Let $f : (x,y) \mapsto (p,q)$ be a map from $\mathbb{C}[x,y]$ to $\mathbb{C}[x,x^{-1},y]$ satisfying the following two conditions:
(i) $\operatorname{Jac}(p,q):=p_xq_y-p_yq_x \in \mathbb{C}-\{0\}$.
(ii) $l_{1,-1}(p)=\lambda x^2y$ and $l_{1,-1}(q)=\mu x^{-1}$, for some $\lambda,\mu \in \mathbb{C}-\{0\}$. Then we can write $p=\lambda x^2y + A$ and $q=\mu x^{-1}+B$, where $v_{1,-1}(A)<1$ and $v_{1,-1}(B) < -1$.
Is it true that (i)+(ii) imply that $A=B=0$?
In other words, is it true that (i)+(ii) imply that $p=\lambda x^2y$ and $q=\mu x^{-1}$?
Otherwise, could one find $f$ satisfying (i)+(ii) having $A \neq 0$ or $B \neq 0$?
Edit: Variations and generalizations on the above question:
(1) Taking $f: (x,y) \mapsto (\lambda x^{-1}y+A,\mu x^2+B)$.
(2) More generally, taking $f: (x,y) \mapsto (\lambda x^{n+1}y+A,\mu x^{-n}+B)$, $0 \neq n \in \mathbb{Z}$.

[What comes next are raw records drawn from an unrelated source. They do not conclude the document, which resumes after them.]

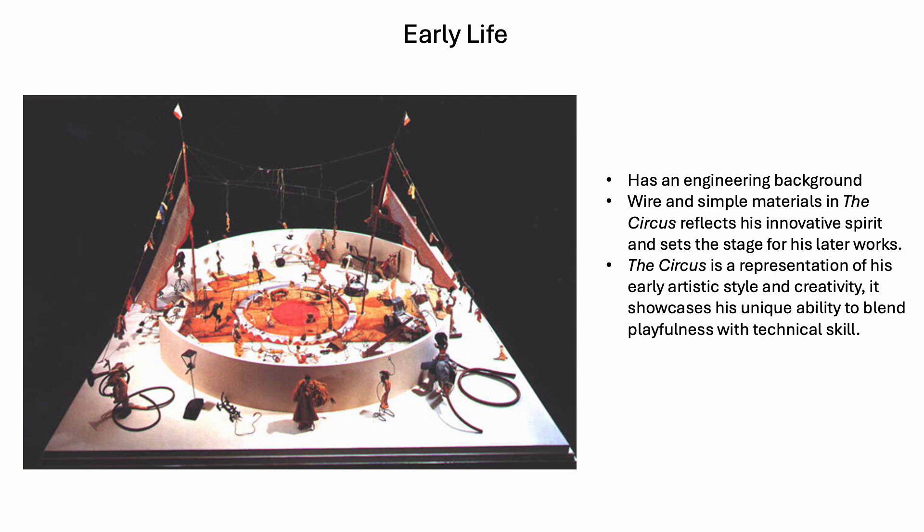The Circus is a representation of his early artistic style and creativity, showcasing his ability to blend playfulness and technical skill. The more you look at it, the more you see simple everyday materials in there. I like how he was able to blend it all together and create what an actual circus ring would look like. You can see the playfulness in the style — there's a lot going on, but it's all made up of just simple little things.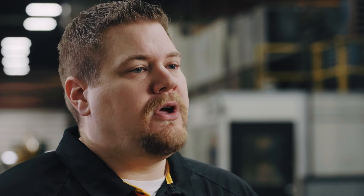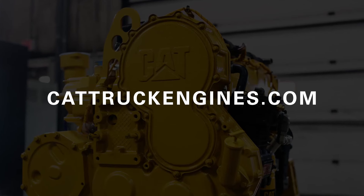Appreciate you walking us through all those details, Alan. The only thing I want to add is that CAT Reman complete engines are still a great option, especially if your existing CAT core is in good condition. If you have more questions about CAT Reman or anything related to CAT on-highway truck engines, get in touch with your local authorized CAT dealer or visit our resource center at cattruckengines.com.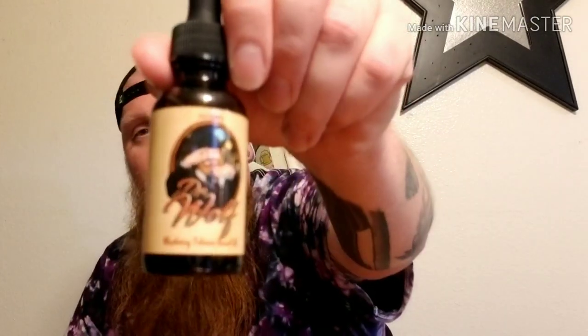This scent will have you coming back for more. It has definitely become one of my recent favorite tobacco scents. I would highly recommend it if you're a tobacco fan or if you like sweet scents — Dr. Wolf is on fire.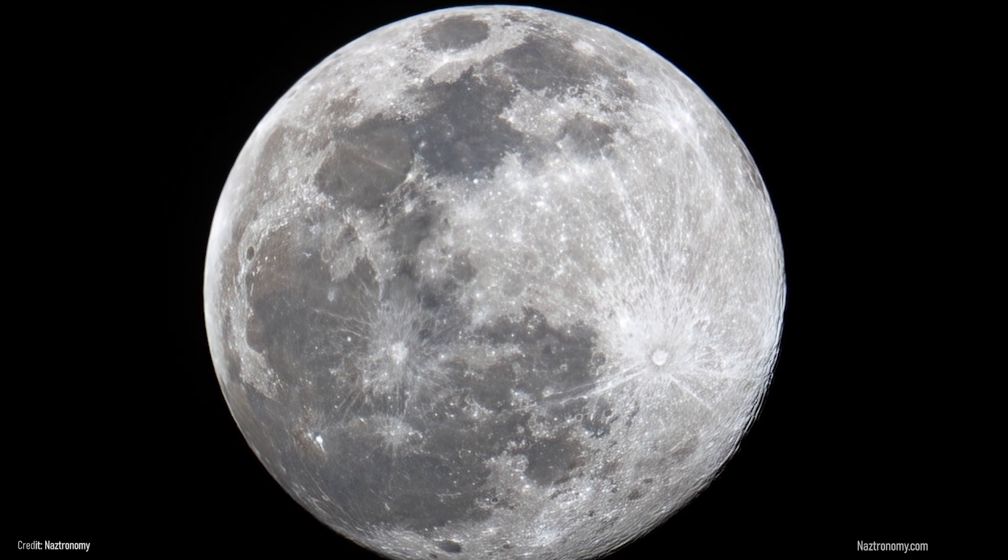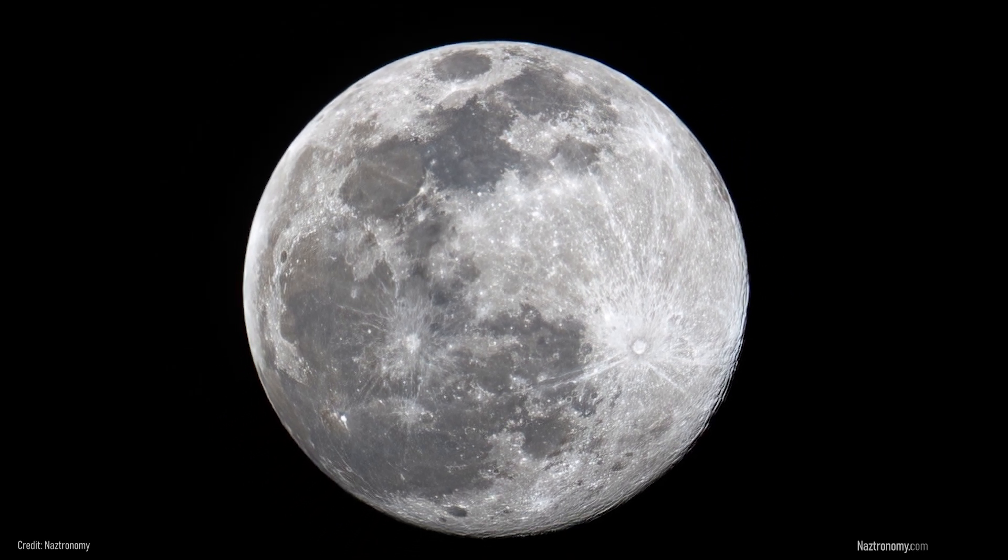And if you ask amateur astronomers like me, the moon is always super unless you are trying to take pictures of something else in the sky. I wish you all clear skies.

(3) Replacing $k[x,y] \to k[x,x^{-1},y]$ by $A_1(k) \to A_1(k)^{-1}$, in all questions, especially the general case (2).
Where $A_1(k)$ is the first Weyl algebra, namely, the associative non-commutative $k$-algebra generated by $x$ and $y$ subject to the relation $yx-xy=1$. And $A_1(k)^{-1}$ is the ring extension of $A_1(k)$ generated by $x,x^{-1},y$ subject to $yx-xy=1$, $xx^{-1}=x^{-1}x=1$ and $[y,x^{-1}]=-x^{-2}$.
(4) Considering $k[x^{1/r},x^{-1/r},y]$ instead of $k[x,x^{-1},y]$, $r \in \mathbb{N}$. And considering $A_1(k)^{-1/r}$ instead of $A_1(k)^{-1}$.
Thank you veru much! I now asked the above question in MO.